[Captioned web image data]

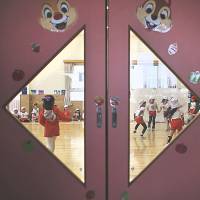 Children play dodge ball at the Emporium kindergarten in Koriyama, Fukushima Prefecture, in February 2014. | REUTERS
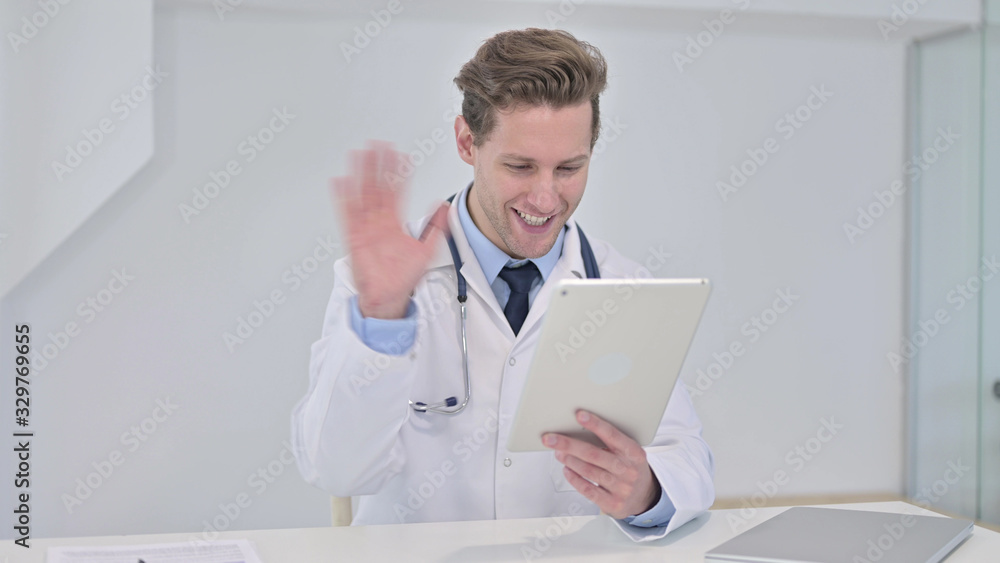 Young Male Doctor doing Video Chat on Tablet in Clinic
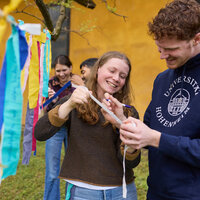 Foto: Mehrere Personen stehen im Freien vor einem gelben Gebäude. Sie halten bunte Stoffstreifen und schreiben darauf. Eine Person trägt einen Pullover mit dem Logo der Universität Hohenheim.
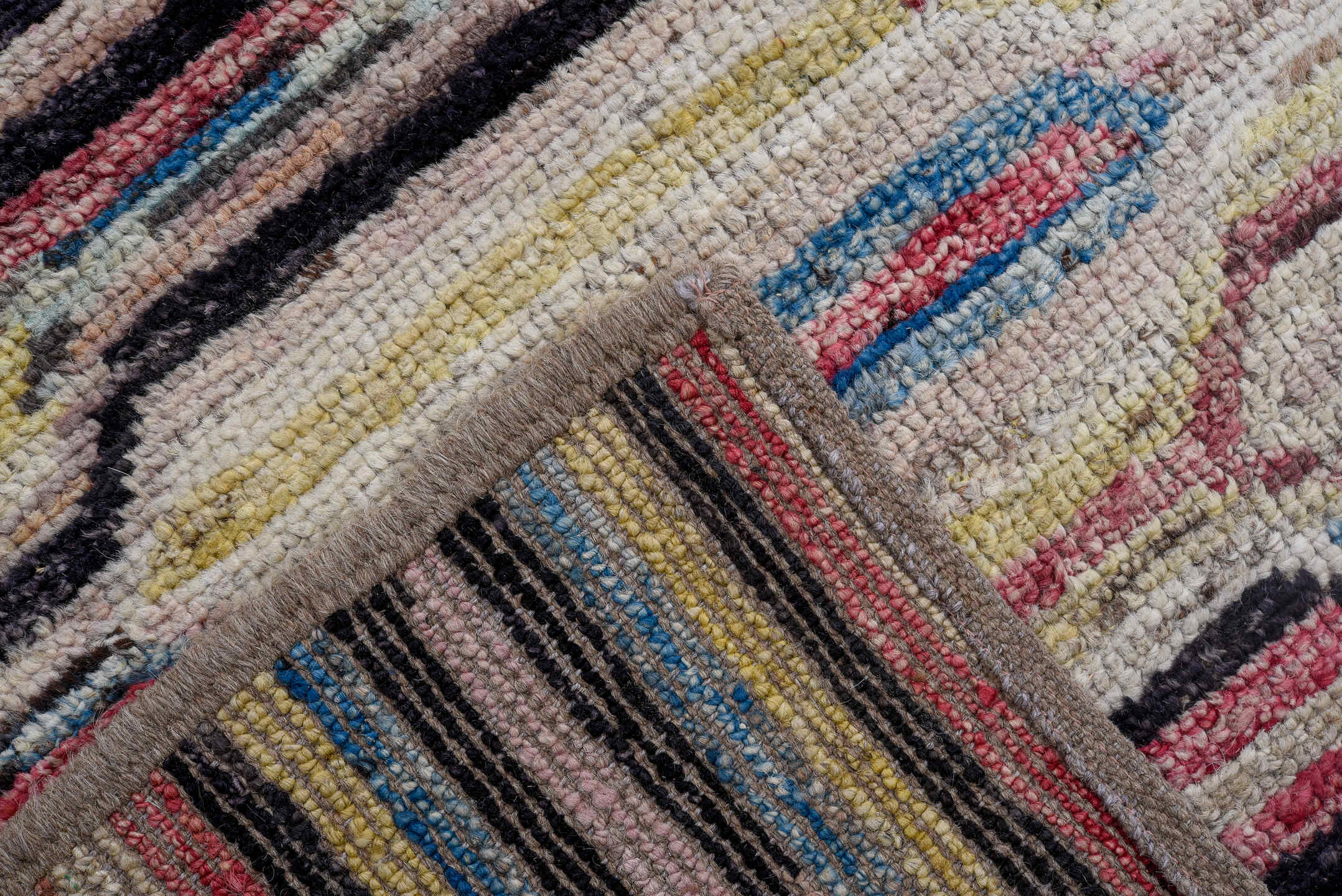 7' x 9' one-of-a-kind handmade vintage Tulu large size rug. Color palette: ivory, rose, charcoal, sky blue, gold, coral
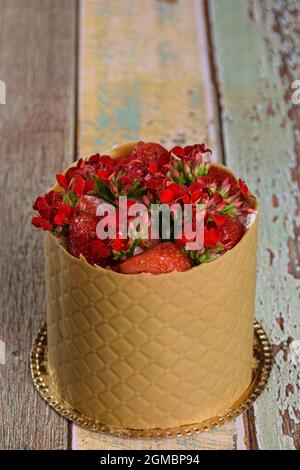 Vesti la torta, avvolta in uno strato testurizzato di cioccolato al caramello salato, con fragole e fiori rossi di kalanchoe (foto verticale). Foto Stock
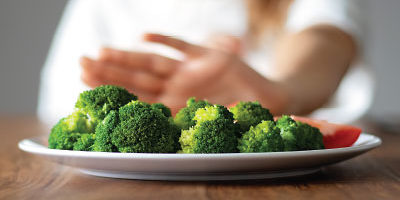 A person rejects a plate of broccoli and tomatoes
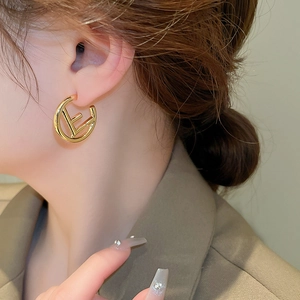Close-up of golden metal letter E earrings worn by a model for a chic commute style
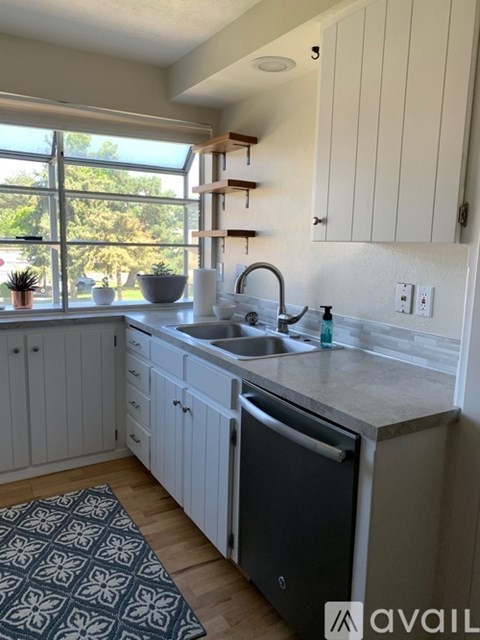 A kitchen with a sink and a window.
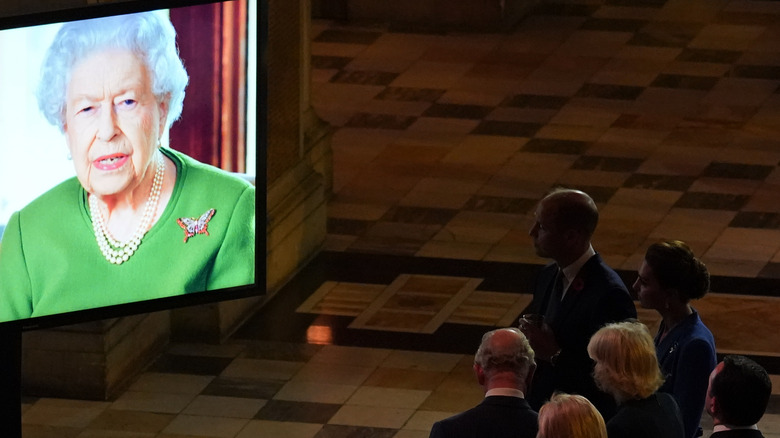 Queen Elizabeth delivering video message on screen at COP26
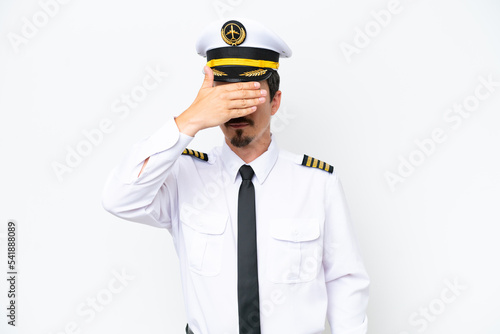 Airplane caucasian pilot isolated on white background covering eyes by hands. Do not want to see something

> [How to complete this task]
Begin with the line that has "Close-up of golden" and continue to the last line of the entries, printing each line exactly and nothing else; include both ends and skip the pictures.

> [Task output]
Close-up of golden metal letter E earrings worn by a model for a chic commute style
 A kitchen with a sink and a window.
 Queen Elizabeth delivering video message on screen at COP26
 Airplane caucasian pilot isolated on white background covering eyes by hands. Do not want to see something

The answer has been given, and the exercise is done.